In 2019, the governor of Ohio, Mike DeWine, sent a personal letter detailing the negative impacts of the planned pipeline closure on his state. Officials from Ohio and Canada have testified before Michigan Senate committees on the value of the pipeline to the region. Senior Canadian government representatives — including Federal Minister of Natural Resources Seamus O’Regan Jr. and Canadian Consul General in Detroit Joe Comartin — have echoed these concerns and explained that the pipeline is essential to Canadian energy security. Representatives from the United Steelworkers union and the building trades have made similar pleas to protect the pipeline and build the tunnel.

In June last year, 23 of 51 Michigan House Democrats voted to approve a House resolution calling for “the timely issuing of permits for the construction of the Great Lakes Tunnel Project.” Another Democrat State House representative, Brian Elder, even took the unusual step of forming a House labor caucus, claiming that a “Sierra Club scorecard means more to some Democratic members than the position of the building trades.”

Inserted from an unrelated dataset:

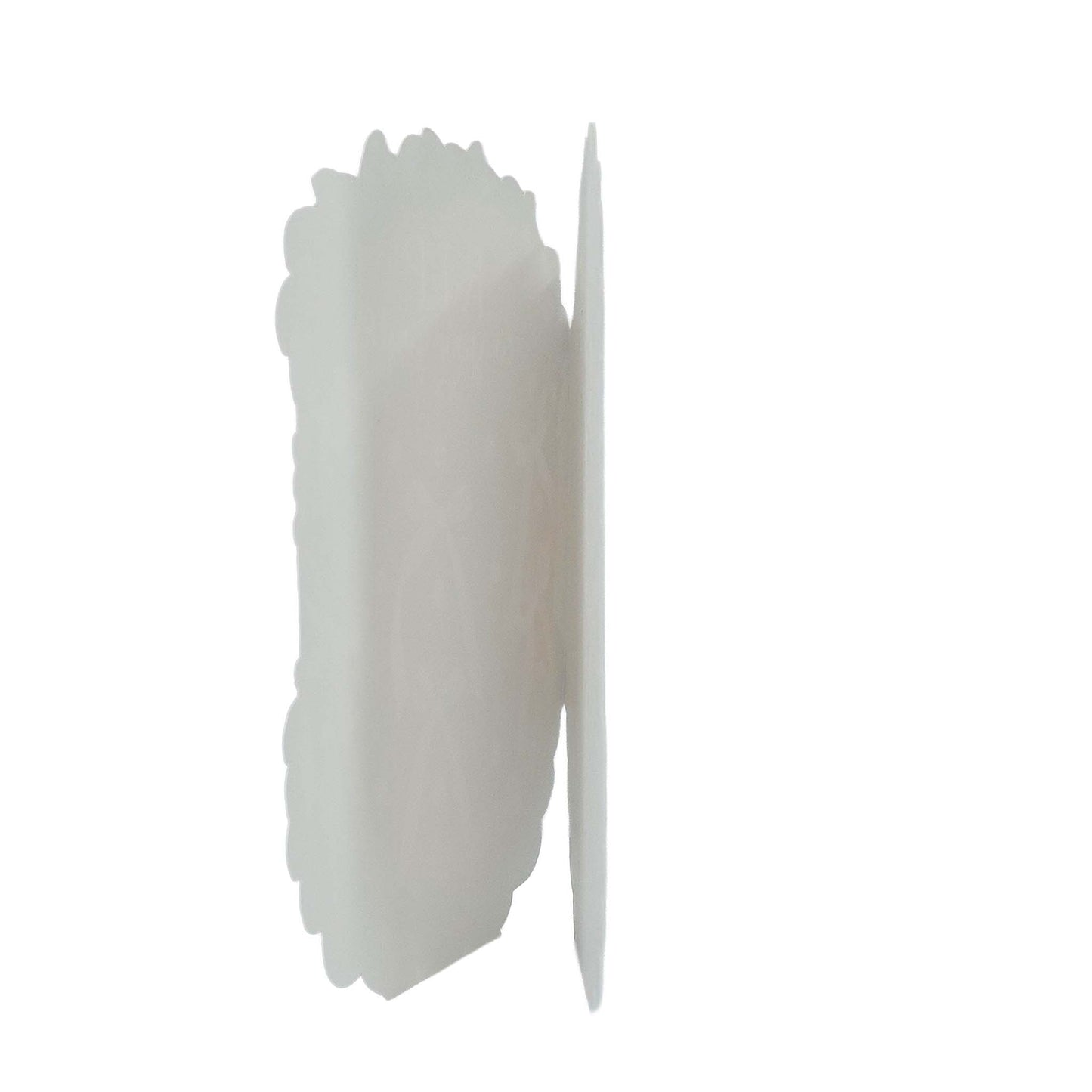 RIP To Your Youth Spot Varnish Cutout Cake Birthday Card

The historical record provides clear lessons. Blackouts in Texas and California, as well as the recent shutdown of the Colonial Pipeline, serve as recent and poignant reminders of the need for reliable energy. Senior government officials cannot escape the fact that taking deliberate actions to limit access to abundant, affordable, reliable energy has an immediate, direct, and profoundly negative impact on the lives and well-being of the public.

Energy providers and transporters should do everything that is economically and technologically feasible to minimize the environmental impacts of the energy systems we all rely on daily. At the same time, governors, both current and former, have a duty to ensure that citizens have ready access to that energy so they can live healthy, prosperous, productive lives.